Автор-писатель должен быть главным консультантом по обработке материала, развитию сюжета и толкованию типов, ибо подразумевается, что этот материал лучше всех должен знать сам писатель. Независимо от того, кто написал сценарий: сам ли писатель, или кто-либо другой по новелле или по роману живого писателя [Творческий рост 1934: 6].
Позже Леонид Трауберг заявлял:
Режиссер один знал, как все подать. […] на сегодняшний день путевку выдает драматург. […] скажут, что путевки, выдаваемые нам драматургами, не всегда доброкачественны, что волей-неволей надо вмешиваться. Пусть так. […] неоднократно говорилось о том, что лучше нам, режиссерам, не мучиться долго над сценарием, приходя разбитыми в ателье на первую съемку. […] я предпочел бы просто хороший сценарий, чем вечно изменяемый на ходу, так называемый «лучший» сценарий. А у нас считается, что за этим лучшим сценарием надо гнаться во время съемок [Трауберг 1936: 40–41].

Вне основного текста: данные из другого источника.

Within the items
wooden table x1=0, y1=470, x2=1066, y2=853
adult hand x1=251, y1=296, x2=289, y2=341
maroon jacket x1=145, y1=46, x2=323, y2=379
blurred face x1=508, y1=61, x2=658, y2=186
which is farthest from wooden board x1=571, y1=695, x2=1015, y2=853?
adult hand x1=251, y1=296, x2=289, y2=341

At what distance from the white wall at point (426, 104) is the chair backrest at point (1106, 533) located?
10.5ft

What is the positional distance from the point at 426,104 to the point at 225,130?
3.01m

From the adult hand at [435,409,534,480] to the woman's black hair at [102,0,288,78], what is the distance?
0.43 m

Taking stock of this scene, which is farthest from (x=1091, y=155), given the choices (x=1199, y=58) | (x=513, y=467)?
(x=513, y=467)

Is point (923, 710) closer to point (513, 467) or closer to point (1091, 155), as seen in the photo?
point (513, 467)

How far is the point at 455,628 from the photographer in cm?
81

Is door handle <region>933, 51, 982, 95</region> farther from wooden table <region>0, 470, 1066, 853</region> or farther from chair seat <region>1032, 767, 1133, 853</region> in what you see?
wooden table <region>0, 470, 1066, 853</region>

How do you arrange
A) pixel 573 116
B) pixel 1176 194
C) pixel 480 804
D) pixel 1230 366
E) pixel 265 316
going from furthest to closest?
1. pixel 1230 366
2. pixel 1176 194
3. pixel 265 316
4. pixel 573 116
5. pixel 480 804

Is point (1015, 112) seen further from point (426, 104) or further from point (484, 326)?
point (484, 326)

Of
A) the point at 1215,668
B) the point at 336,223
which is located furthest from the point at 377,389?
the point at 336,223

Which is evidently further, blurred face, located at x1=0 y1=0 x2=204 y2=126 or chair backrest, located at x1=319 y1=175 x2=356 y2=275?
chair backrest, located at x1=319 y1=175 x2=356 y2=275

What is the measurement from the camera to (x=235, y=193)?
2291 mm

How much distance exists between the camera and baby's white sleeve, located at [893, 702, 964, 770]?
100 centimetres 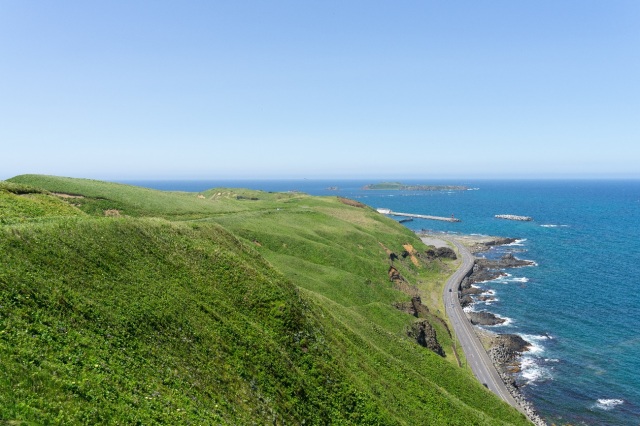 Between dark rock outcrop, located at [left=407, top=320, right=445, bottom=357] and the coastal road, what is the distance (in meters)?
7.04

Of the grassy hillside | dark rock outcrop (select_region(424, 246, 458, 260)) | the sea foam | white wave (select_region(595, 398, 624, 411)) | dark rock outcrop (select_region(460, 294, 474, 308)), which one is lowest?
white wave (select_region(595, 398, 624, 411))

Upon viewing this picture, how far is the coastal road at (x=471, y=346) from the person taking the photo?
203 ft

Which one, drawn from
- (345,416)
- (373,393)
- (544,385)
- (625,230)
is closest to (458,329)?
(544,385)

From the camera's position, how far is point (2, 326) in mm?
17438

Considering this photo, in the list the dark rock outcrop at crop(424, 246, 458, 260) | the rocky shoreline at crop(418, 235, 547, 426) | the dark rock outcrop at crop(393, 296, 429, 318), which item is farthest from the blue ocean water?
the dark rock outcrop at crop(424, 246, 458, 260)

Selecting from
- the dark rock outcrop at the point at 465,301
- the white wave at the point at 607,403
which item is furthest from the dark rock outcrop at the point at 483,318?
the white wave at the point at 607,403

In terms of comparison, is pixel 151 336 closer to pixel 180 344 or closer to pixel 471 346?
pixel 180 344

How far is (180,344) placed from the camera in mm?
24688

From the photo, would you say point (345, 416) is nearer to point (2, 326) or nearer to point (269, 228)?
point (2, 326)

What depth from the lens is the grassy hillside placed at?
17.3m

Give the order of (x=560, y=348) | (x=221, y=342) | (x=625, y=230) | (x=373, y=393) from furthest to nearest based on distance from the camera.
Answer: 1. (x=625, y=230)
2. (x=560, y=348)
3. (x=373, y=393)
4. (x=221, y=342)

Трауберг обобщил долгую и тщетную дискуссию о своеволии режиссера в обращении со сценарием и – с другой стороны – о роли сценариста в кинопроизводстве. Автор журнала «Пролетарское кино» еще раньше видел в кропотливой работе над сценарием залог продуктивности съемок:
Если сценарий пишется в течение года и переделывается несколько раз, об этом принято […] говорить с прискорбием […]. Предполагается […], что нормальный сценарий должен рождаться с молниеносной быстротой и в законченном совершенстве. Не пора ли бросить эти нелепые рассуждения? Ведь никто (кроме закоренелых литфронтовцев и убежденных сторонников литературного утильсырья) не станет сокрушаться […], что автор работает над романом, повестью или пьесой, например, целый год. […] Почему же у нас считаются нормальными халтурные сроки работы над сценариями? […] скорость и успешность постановки обратно пропорциональна скорости написания сценария [Волощенко 1932: 34].

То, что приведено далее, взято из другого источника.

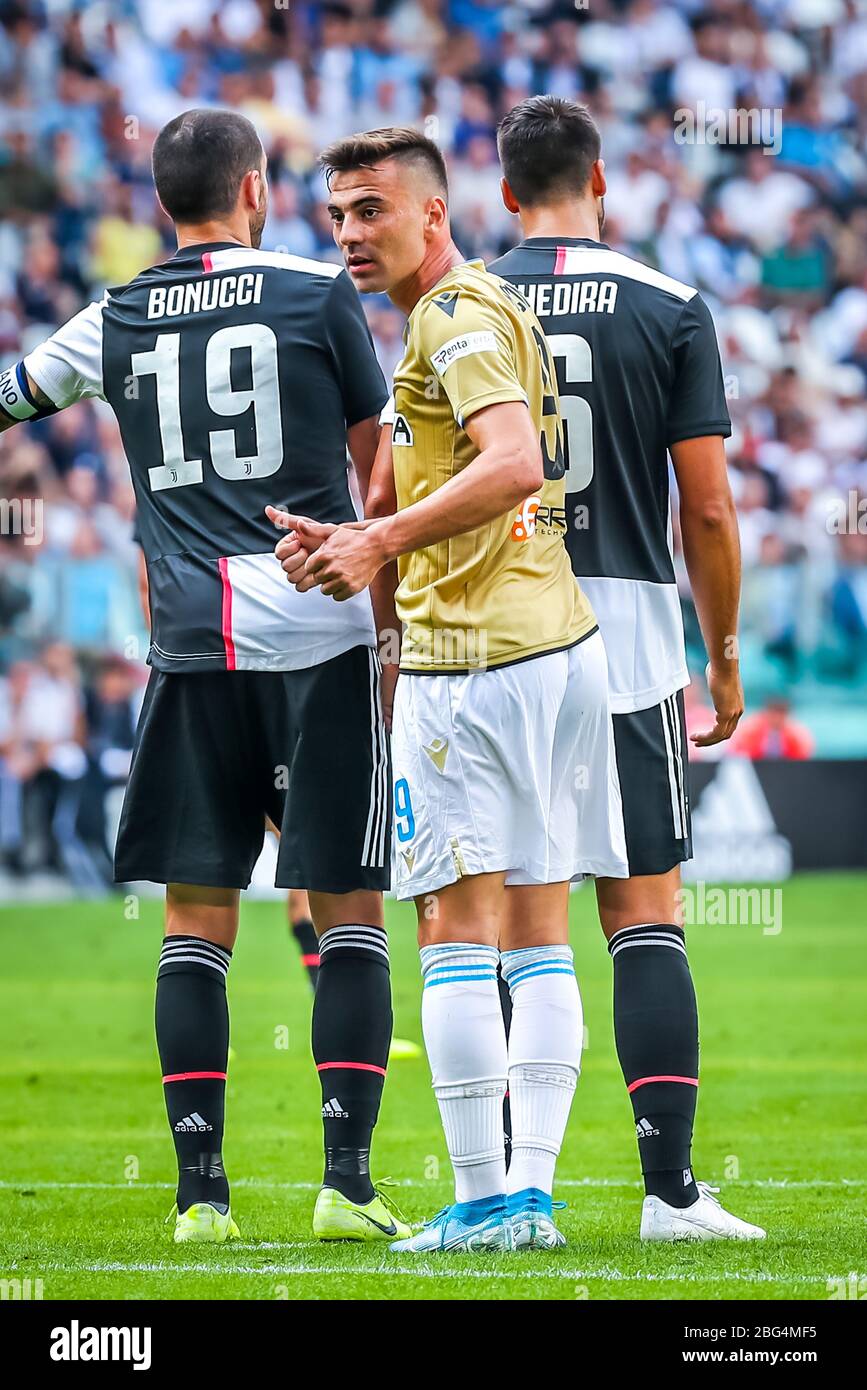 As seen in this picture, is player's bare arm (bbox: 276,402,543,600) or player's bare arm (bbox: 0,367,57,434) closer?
player's bare arm (bbox: 276,402,543,600)

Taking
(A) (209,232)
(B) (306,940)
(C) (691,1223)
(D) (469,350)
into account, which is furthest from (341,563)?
(B) (306,940)

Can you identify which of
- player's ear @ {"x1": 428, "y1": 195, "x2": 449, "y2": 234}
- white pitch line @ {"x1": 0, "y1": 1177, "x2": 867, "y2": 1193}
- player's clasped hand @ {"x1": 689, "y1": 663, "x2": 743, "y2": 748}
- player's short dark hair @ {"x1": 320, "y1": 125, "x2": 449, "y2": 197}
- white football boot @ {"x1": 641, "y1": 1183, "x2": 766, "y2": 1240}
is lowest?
white pitch line @ {"x1": 0, "y1": 1177, "x2": 867, "y2": 1193}

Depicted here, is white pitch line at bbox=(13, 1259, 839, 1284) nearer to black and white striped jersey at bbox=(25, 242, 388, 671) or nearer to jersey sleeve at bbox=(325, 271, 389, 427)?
black and white striped jersey at bbox=(25, 242, 388, 671)

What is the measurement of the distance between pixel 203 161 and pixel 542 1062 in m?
2.16

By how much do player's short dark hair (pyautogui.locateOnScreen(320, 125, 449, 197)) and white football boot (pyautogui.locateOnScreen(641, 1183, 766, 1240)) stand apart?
2.23m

Волощенко говорил о многолетней работе над сценарием Виктора Гусева и Михаила Ромма «Товар площадей», который был доработан и поставлен Иваном Пырьевым под названием «Конвейер смерти». В декабре 1931 года Гусев рассказывал о первом варианте сценария:
…положительным фактом является то, что сценарий до того, как его исказит режиссер, является моментом самостоятельного обсуждения. […] у нас наблюдалась страшная обезличка в сценарной работе. […] никакой ответственности не несешь и сценарий признан, как самостоятельное произведение искусства. Такое обращение пристального внимания на сценарий является положительным […], это может предотвратить такие неожиданности для сценаристов, когда их двухчастный краткометраж превращается в трехактный […]. Я намекаю на наш сценарий [Гусев 1931: 27].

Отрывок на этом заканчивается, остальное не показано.